Semi-partial Correlation Analysis
To understand how different social judgments contribute to the cross-predictions across multiple social attributes (i.e., when a model fitted to one social attribute predicted other social attributes), we performed a semi-partial correlation analysis. This analysis procedure measures the relationship between two variables X and Y while statistically controlling for (or partialing out) the effect of a third variable Z on Y. Note that, in contrast, the (standard) partial correlation controls for the effect of Z on both X and Y. In this analysis, the actual ratings of a social attribute provided by the human subjects in the test dataset were used as the variable X (i.e., the social attribute to be cross-predicted by a model that was not fitted to this social attribute).
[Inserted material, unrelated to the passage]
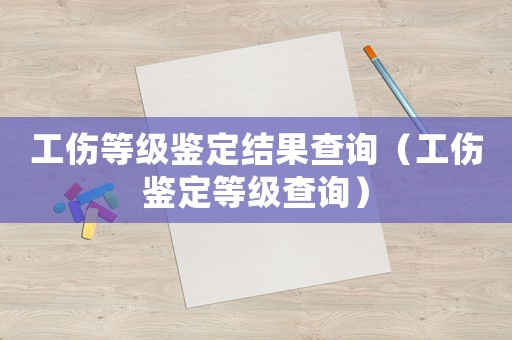 工傷等級鑒定結(jié)果查詢（工傷鑒定等級查詢）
The ratings of a second social attribute predicted by a model for the same set of faces were used as the variable Y (i.e., a second social attribute that was used to fit a model). The ratings of a third social attribute predicted by another model for the same set of faces were used as the variable Z (i.e., a third social attribute that was used to fit another model). To partial out the effect of Z from Y, a simple bivariate regression of Y on Z was performed, and the residuals were obtained. These residuals quantified the unique variance in Y that was not linearly associated with or predictable from Z. Finally, we computed the Spearman correlation coefficient between X and the residuals.